Artikel ini mencoba memahami pemahaman ambiguitas ini dalam kacamata sebagai sebuah adaptasi terhadap ketidakpastian. Dalam kacamata eksistensial, adaptasi ini muncul karena tanah Indonesia kerap kali muncul dalam bentuk gempa dan pemunculan kekayaan bumi, atau letusan gunung berapi dan pemunculan kesuburan.

Dialog manusia Indonesia dengan tanah menimbulkan kesan adaptasi terhadap tanah, sebuah adaptasi terhadap tanah yang menyimpan misteri. Contoh terhadap hasil dialog ini adalah kekayaan batik. Batik adalah harmonisasi banyak corak, warna, dan simbol ambiguitas yang harus dipadukan menjadi harmoni.

Dialog kedua adalah diri. Diri dalam kacamata analisis eksistensial disebut mitwelt. Artikel ini memahami mitwelt sebagai pertemuan antar manusia. Manusia Indonesia tak memiliki satu tubuh dominan. Ia memiliki beragam tubuh yang bertemu dalam satu wilayah tanah dan imajinasi. Wilayah dan tanah dan imajinasi ini kemudian disebut Indonesia.

Sebagai manusia Indonesia, perjalanan anda memasuki pulau yang berbeda membuat Anda memiliki kesempatan pertemuan dengan manusia yang secara simultan memiliki persamaan dan perbedaan. Contoh paling anyar adalah pertemuan dalam pertandingan sepak bola final antara Persib dan Persipura. Di sana anda bertemu manusia yang memiliki persamaan suka dengan bola, tapi secara simultan memiliki perbedaan warna kulit, logat bicara, warna rambut dan sebagainya.

Contoh yang juga menarik mengenai pertemuan adalah cara para presiden memilih menteri, dalam setiap pemilihan menteri ada unsur yang mewakili pertemuan antar banyak elemen. Mulai dari keterwakilan fisik dalam arti suku dan pulau, hingga keterwakilan partai dan ormas. Dari dua contoh kita bisa lihat pertemuan dalam konteks Indonesia itu seperti pertemuan dalam corak batik. Titik yang dipadukan dalam harmoni.

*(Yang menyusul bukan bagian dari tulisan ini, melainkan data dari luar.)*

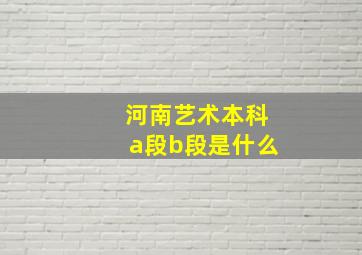 河南艺术本科a段b段是什么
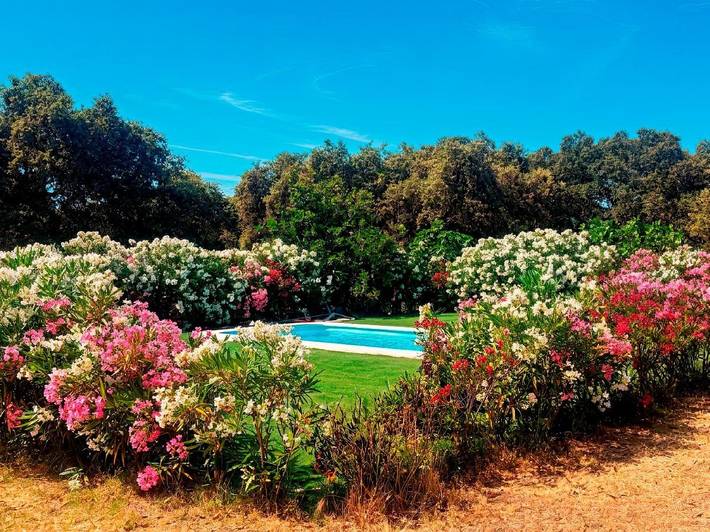 Casa rural para 8 personas, con jardín además de vistas y piscina en Valle del Guadiato - 2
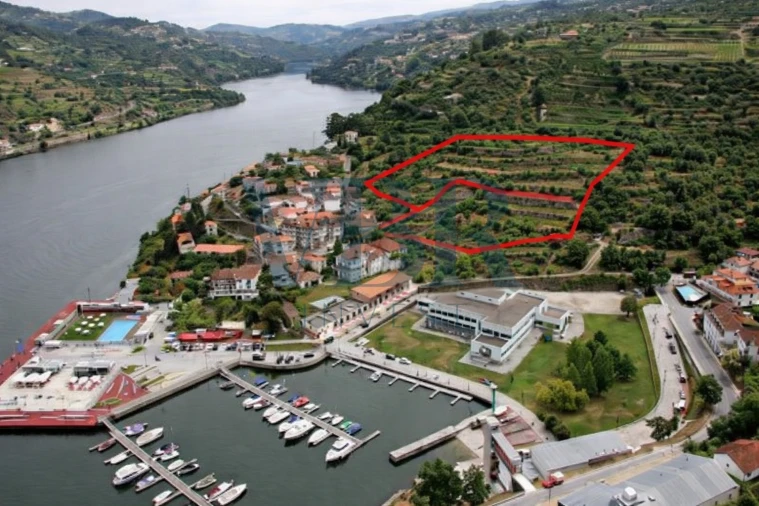 Terreno para Venda em Anreade e São Romão de Aregos Foto 2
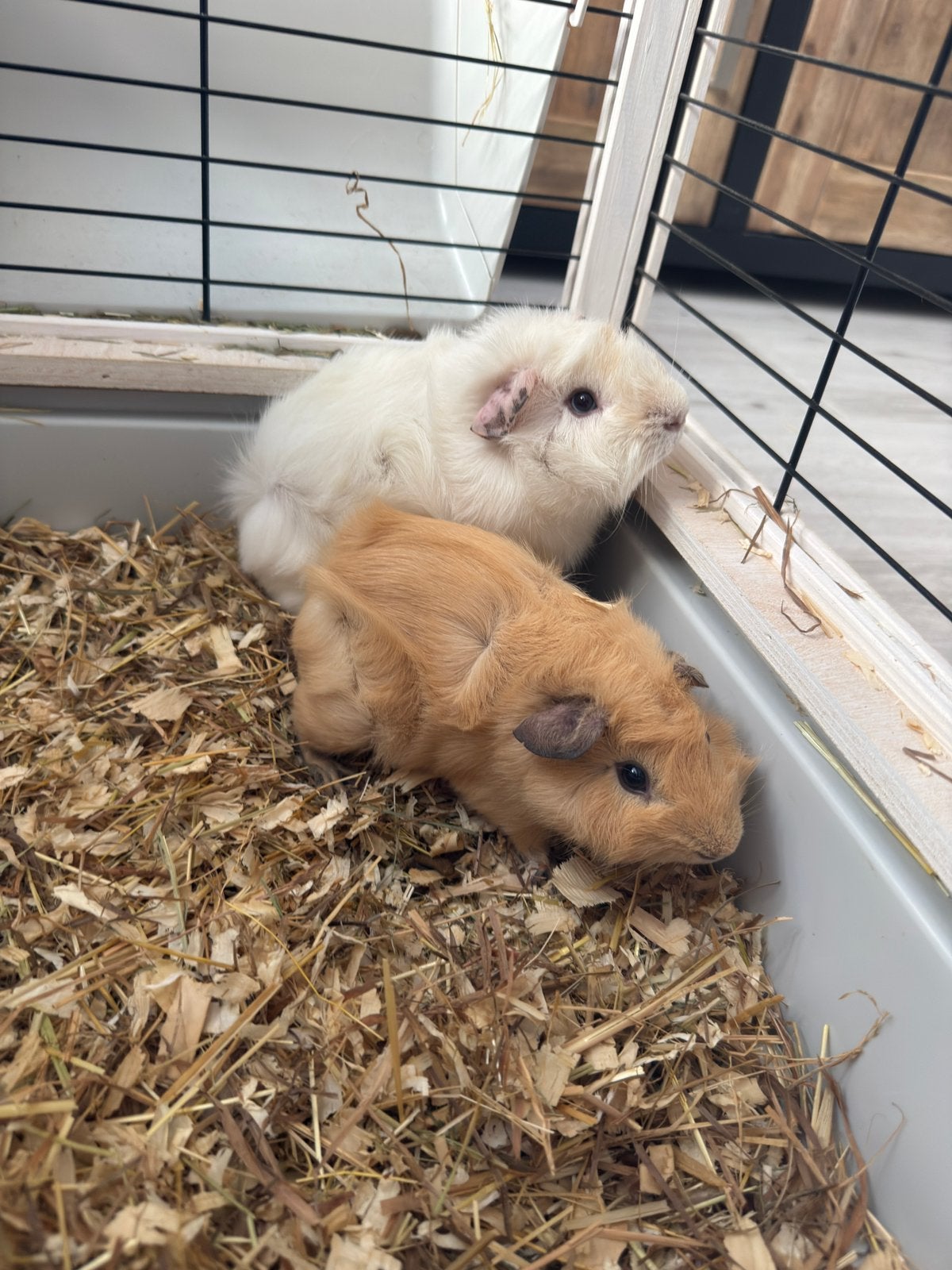 2 jonge cavias, Februari, Mannelijk, Cavia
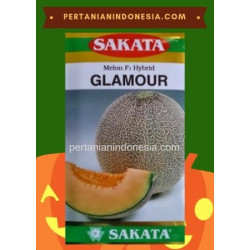 Benih Melon Glamour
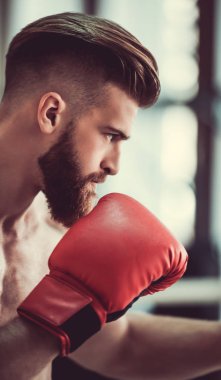 Yakışıklı sakallı boksör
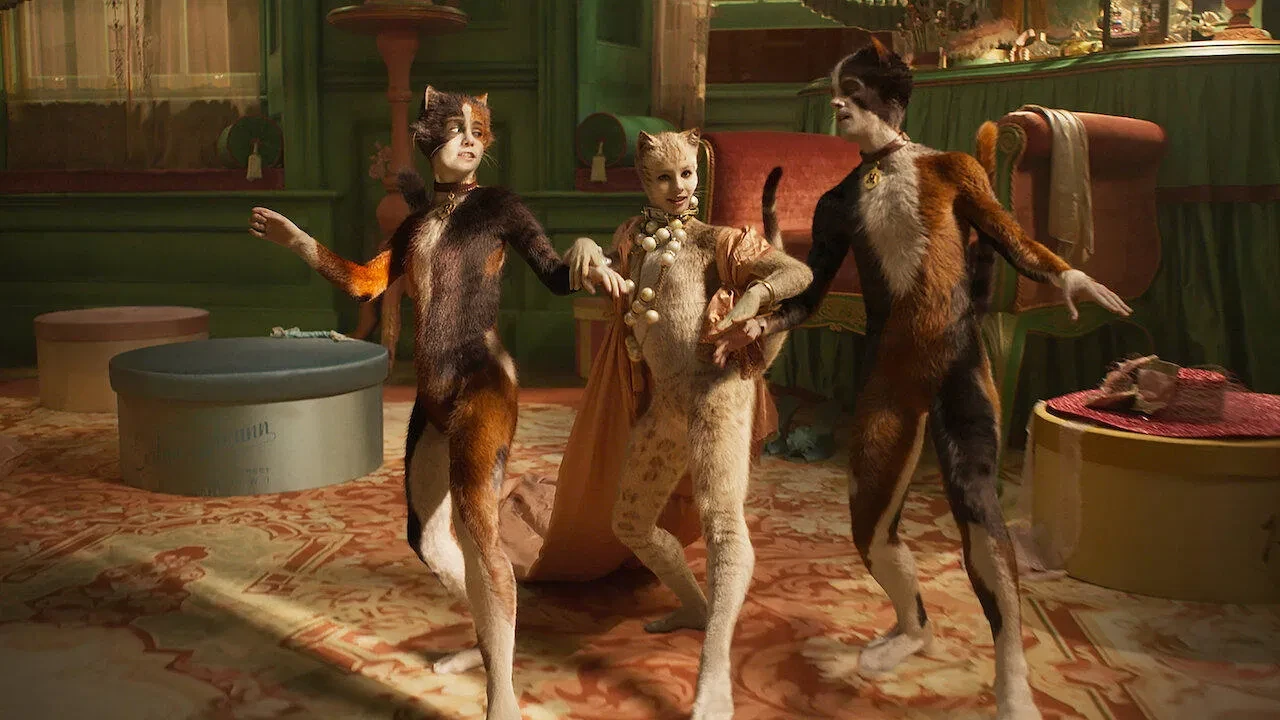 Cats - Kediler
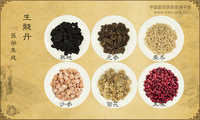 生髓丹《医学集成》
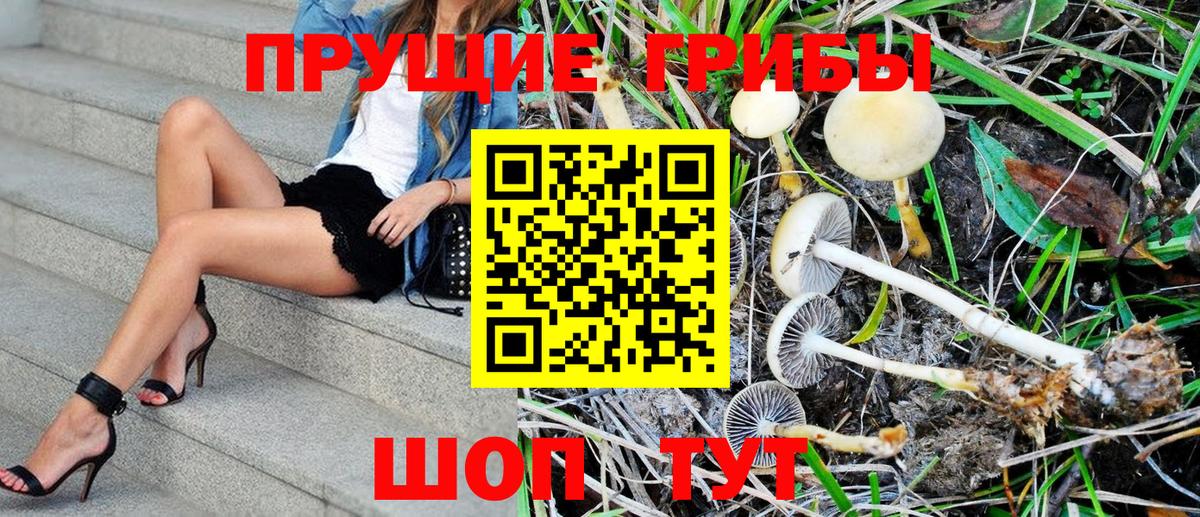 Псилоцибиновые грибы MAGIC MUSHROOMS Красногорск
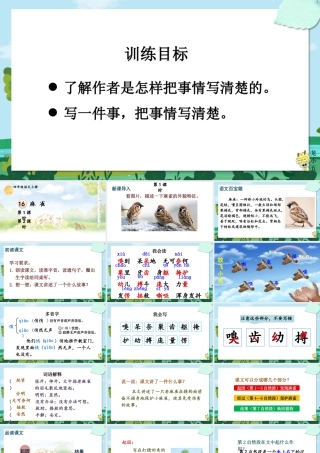 【24统编版】小学语文四年级上册第五单元16 麻雀课件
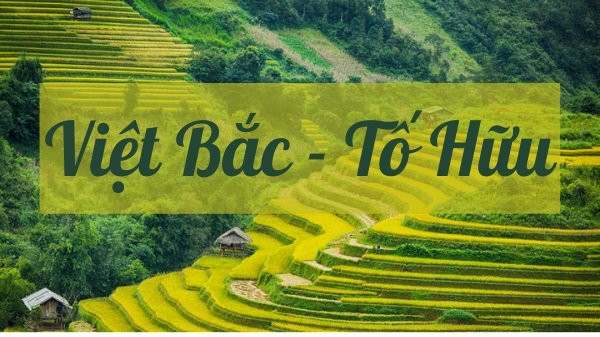 Rừng xanh hoa chuối đỏ tươi, vẻ đẹp đặc trưng của Việt Bắc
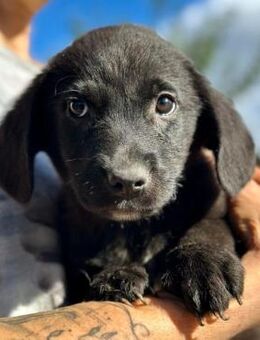 CHANDLER - kleine, schwarze Perle - Duisburg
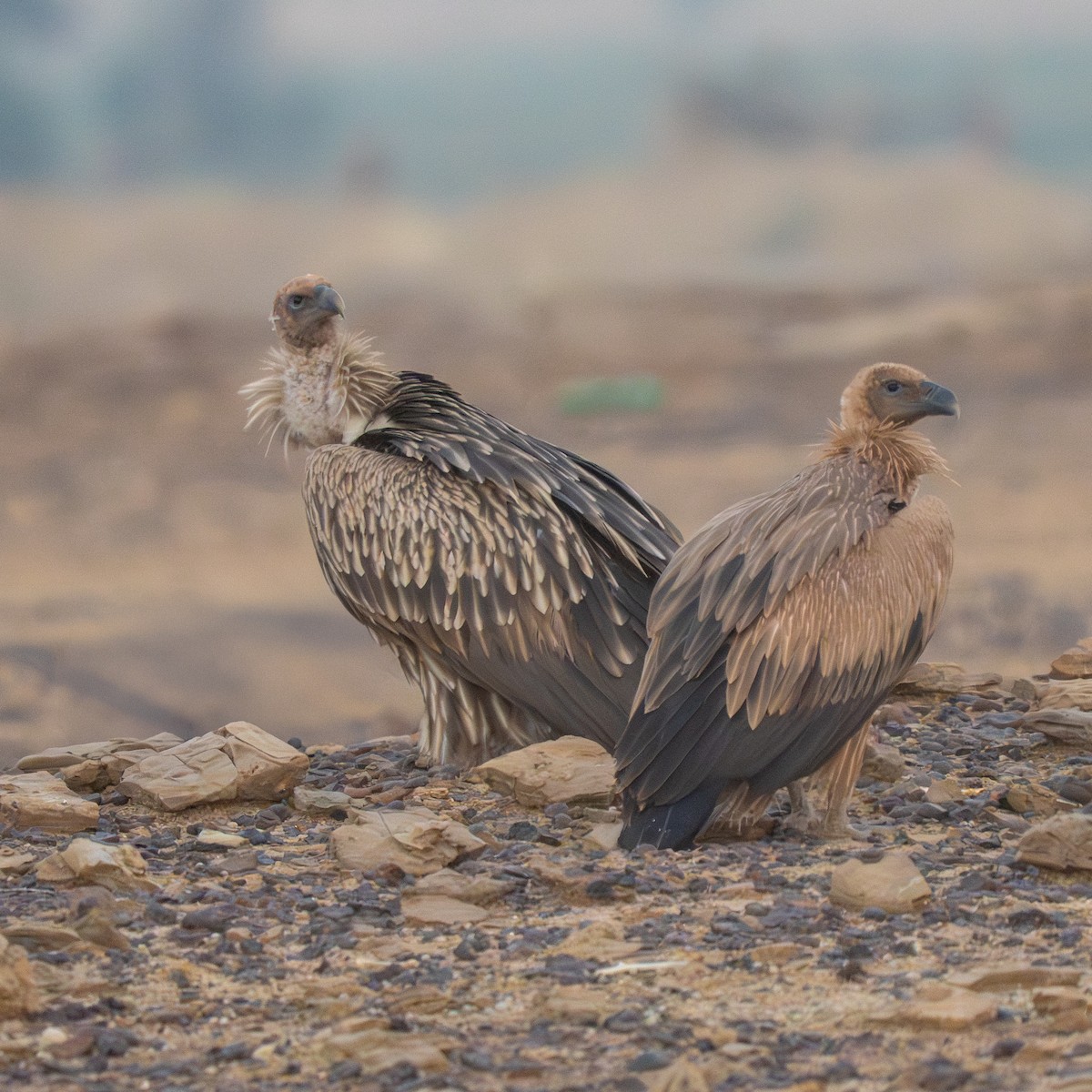 נשר הימלאיה - ML647396871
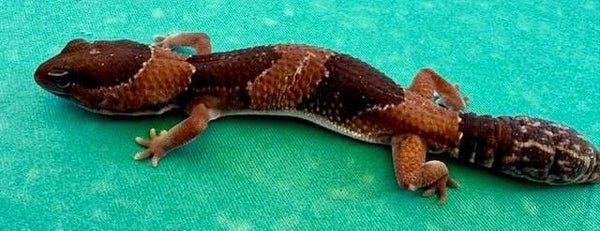 Afrikanischer Fettschwanzgecko Subadult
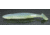 Reaction Innovations Skinny Dipper Swimbaits, 7, 5in, Sexy Shad, SKD-093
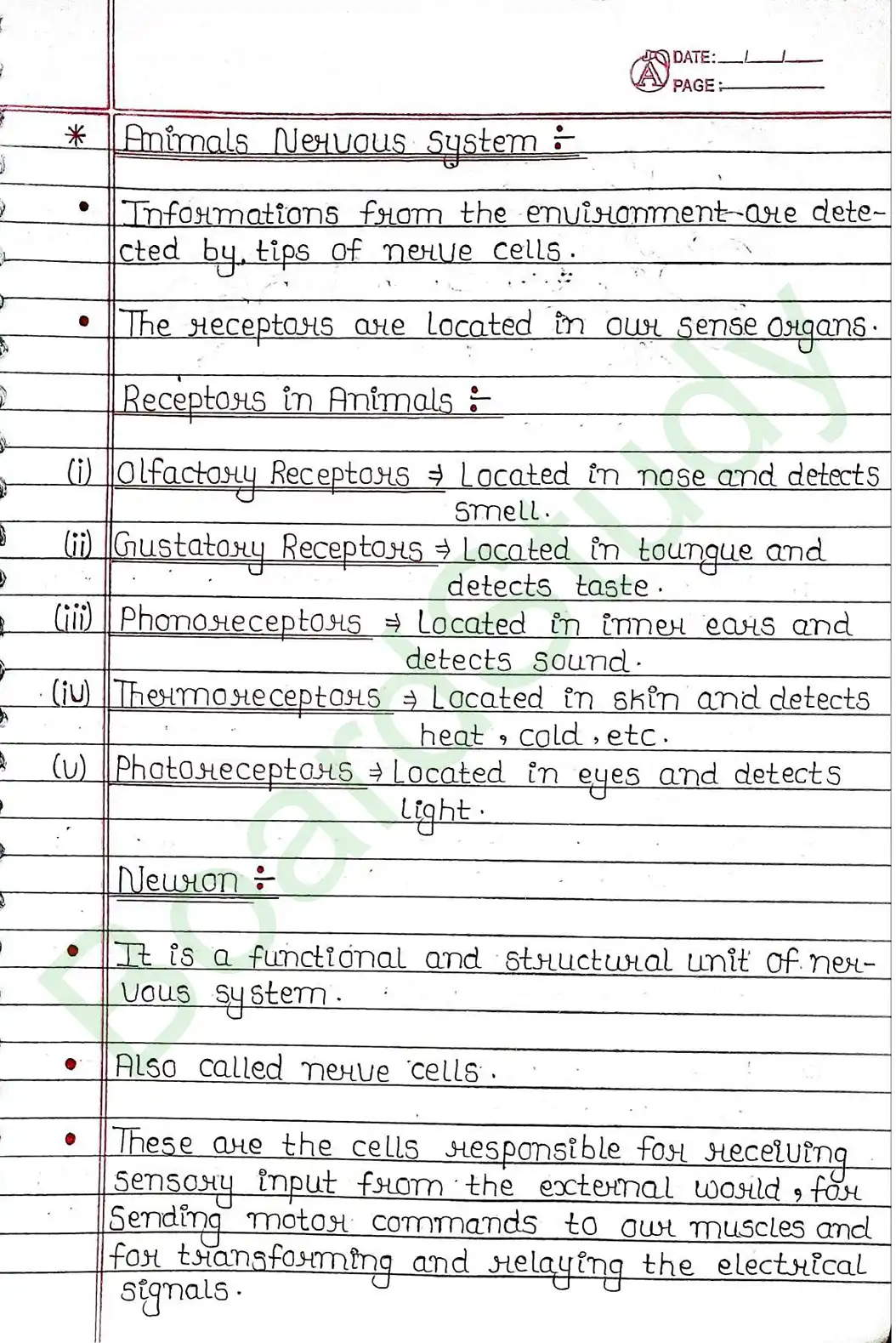 6. Control & Coordination_page-0003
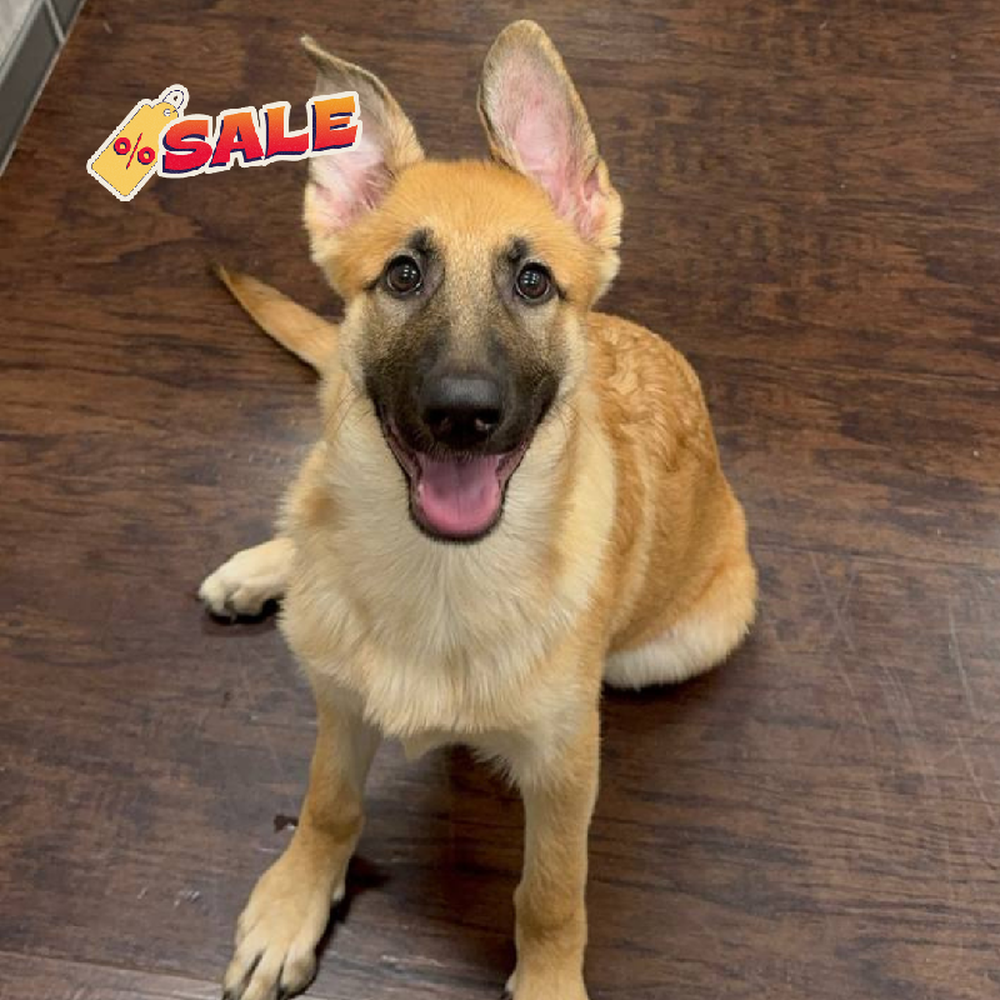 Female German Shepherd Puppy for Sale in New Haven, CT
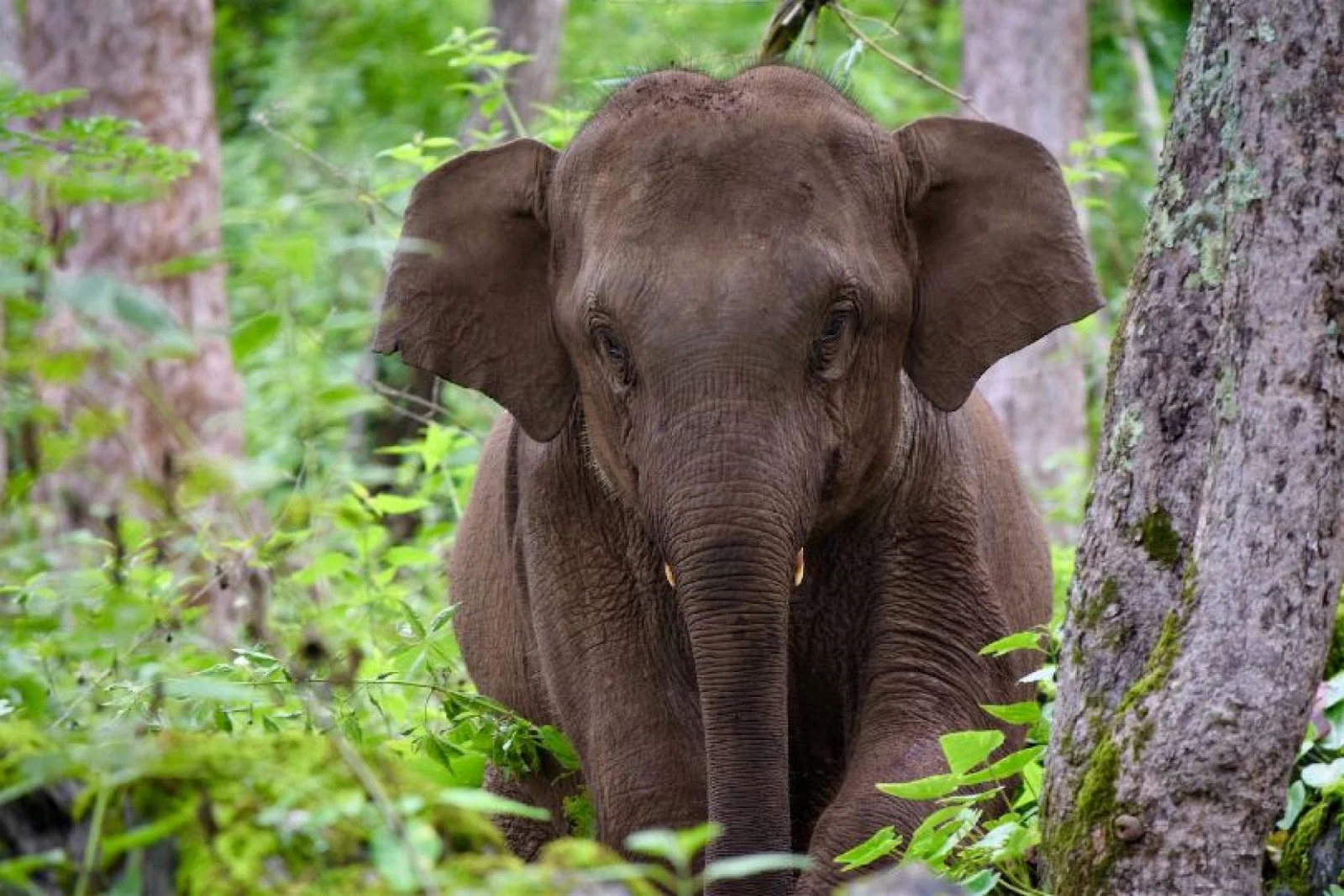 One of Explore's projects is the Mahouts Elephant Foundation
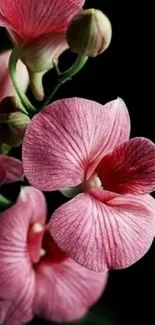 Pink orchids on black background mobile wallpaper.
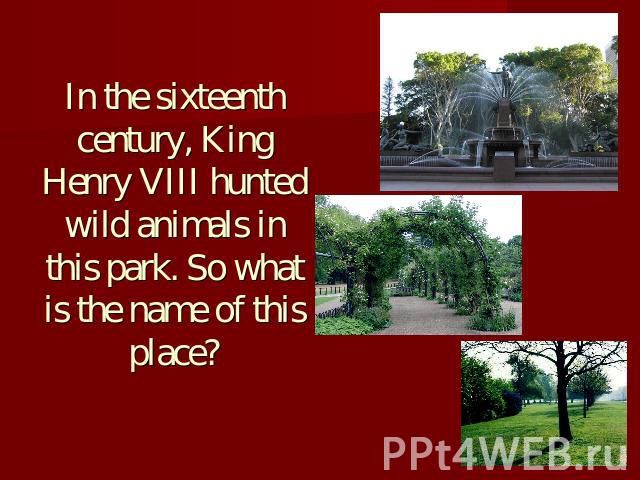 In the sixteenth century, King Henry VIII hunted wild animals in this park. So what is the name of this place?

Dialog ketiga adalah eigenwelt, tentang menjadi apa. Di dalam artikel ini menjadi apa dalam tanah Indonesia punya arti menjadi apa dalam waktu ke depan dari apa yang dilakukan di waktu hari ini. Pertanyaan mengenai masa depan Indonesia menurut artikel ini bisa digambarkan dari ide negara kepulauan atau negara maritim yang agraris.

Ide ini penulis kembali ungkap dari hasil bacaan mengenai Deklarasi Djuanda, tentang laut sebagai penghubung dan tentang kita manusia Indonesia yang terhubung melalui laut. Bila kita pahami, karakter laut ini punya hal yang sama dengan tanah Indonesia yang gelombangnya senantiasa bergerak. Tanah Indonesia punya pasir, salju, hutan. Sangat beragam dan berwarna, berkumpul jadi pulau-pulau besar dan pulau-pulau kecil.

Dari pulau ini terhubung dengan laut, maka menurut kajian ini secara eksistensial masa depan Indonesia adalah masa depan manusia dengan laut dan pulau. Kemampuan manusia Indonesia melakukan pertemuan melalui laut akan menentukan pertemuan di daratan. Dan di titik ini masa depan dimulai.